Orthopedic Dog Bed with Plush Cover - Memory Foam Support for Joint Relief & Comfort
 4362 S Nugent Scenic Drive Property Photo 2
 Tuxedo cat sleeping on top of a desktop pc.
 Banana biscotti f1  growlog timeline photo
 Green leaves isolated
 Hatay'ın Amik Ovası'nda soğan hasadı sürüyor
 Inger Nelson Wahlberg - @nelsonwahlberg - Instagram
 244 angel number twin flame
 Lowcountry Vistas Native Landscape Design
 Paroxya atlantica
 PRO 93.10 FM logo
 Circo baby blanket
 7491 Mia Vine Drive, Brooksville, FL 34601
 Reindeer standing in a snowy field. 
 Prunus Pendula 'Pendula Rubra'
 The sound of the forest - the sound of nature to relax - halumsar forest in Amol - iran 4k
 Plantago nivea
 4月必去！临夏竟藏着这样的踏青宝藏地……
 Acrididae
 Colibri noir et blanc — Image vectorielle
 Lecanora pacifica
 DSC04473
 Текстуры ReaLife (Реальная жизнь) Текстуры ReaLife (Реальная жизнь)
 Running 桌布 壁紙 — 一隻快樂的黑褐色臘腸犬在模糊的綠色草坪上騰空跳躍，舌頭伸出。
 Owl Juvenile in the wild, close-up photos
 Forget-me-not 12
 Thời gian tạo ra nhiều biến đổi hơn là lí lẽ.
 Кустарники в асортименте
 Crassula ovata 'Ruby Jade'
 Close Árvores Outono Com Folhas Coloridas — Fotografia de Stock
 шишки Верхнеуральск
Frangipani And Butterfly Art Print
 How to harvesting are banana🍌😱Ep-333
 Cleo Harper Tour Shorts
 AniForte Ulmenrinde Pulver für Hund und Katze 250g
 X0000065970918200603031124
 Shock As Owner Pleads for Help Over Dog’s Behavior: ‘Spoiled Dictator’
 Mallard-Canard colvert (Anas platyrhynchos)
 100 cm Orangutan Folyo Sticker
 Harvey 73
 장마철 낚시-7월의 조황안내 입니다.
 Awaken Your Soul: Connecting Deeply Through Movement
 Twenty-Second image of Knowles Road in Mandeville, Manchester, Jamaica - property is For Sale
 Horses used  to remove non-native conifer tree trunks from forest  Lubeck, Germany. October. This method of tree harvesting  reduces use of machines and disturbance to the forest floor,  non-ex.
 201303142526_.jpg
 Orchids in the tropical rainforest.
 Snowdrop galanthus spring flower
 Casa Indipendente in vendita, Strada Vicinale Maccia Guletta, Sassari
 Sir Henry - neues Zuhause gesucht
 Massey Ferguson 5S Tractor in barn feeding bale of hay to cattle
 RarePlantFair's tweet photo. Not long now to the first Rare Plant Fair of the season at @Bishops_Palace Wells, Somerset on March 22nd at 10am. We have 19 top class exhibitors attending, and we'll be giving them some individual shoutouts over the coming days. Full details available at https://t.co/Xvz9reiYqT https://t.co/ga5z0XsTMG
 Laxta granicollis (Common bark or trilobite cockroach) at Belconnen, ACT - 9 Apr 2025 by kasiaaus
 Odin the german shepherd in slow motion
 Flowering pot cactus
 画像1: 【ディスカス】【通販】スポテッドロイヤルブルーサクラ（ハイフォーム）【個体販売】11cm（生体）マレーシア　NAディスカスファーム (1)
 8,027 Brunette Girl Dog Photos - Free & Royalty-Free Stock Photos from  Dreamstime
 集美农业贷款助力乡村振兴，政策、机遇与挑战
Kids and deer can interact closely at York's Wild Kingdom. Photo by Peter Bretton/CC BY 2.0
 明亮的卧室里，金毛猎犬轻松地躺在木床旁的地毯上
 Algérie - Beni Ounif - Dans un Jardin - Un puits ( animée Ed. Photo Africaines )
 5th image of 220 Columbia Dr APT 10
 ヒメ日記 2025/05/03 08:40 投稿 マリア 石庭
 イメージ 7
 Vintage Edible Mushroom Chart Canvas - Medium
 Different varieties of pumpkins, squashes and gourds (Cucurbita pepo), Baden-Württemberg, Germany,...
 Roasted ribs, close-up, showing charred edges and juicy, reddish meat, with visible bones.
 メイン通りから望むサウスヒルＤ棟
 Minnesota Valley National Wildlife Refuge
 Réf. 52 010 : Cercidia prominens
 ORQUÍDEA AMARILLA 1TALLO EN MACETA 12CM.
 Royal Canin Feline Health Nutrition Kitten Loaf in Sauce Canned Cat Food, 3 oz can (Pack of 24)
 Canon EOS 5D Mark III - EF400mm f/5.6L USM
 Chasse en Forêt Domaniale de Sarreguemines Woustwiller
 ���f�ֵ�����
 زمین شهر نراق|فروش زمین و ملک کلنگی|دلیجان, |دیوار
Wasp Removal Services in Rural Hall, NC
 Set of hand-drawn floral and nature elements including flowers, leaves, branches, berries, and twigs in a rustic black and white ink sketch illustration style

• DIRECTIONS:
In the listing, find all lines with the string "leaves" and copy them.

• RESULT OF THIS EXERCISE:
 Green leaves isolated
 Set of hand-drawn floral and nature elements including flowers, leaves, branches, berries, and twigs in a rustic black and white ink sketch illustration style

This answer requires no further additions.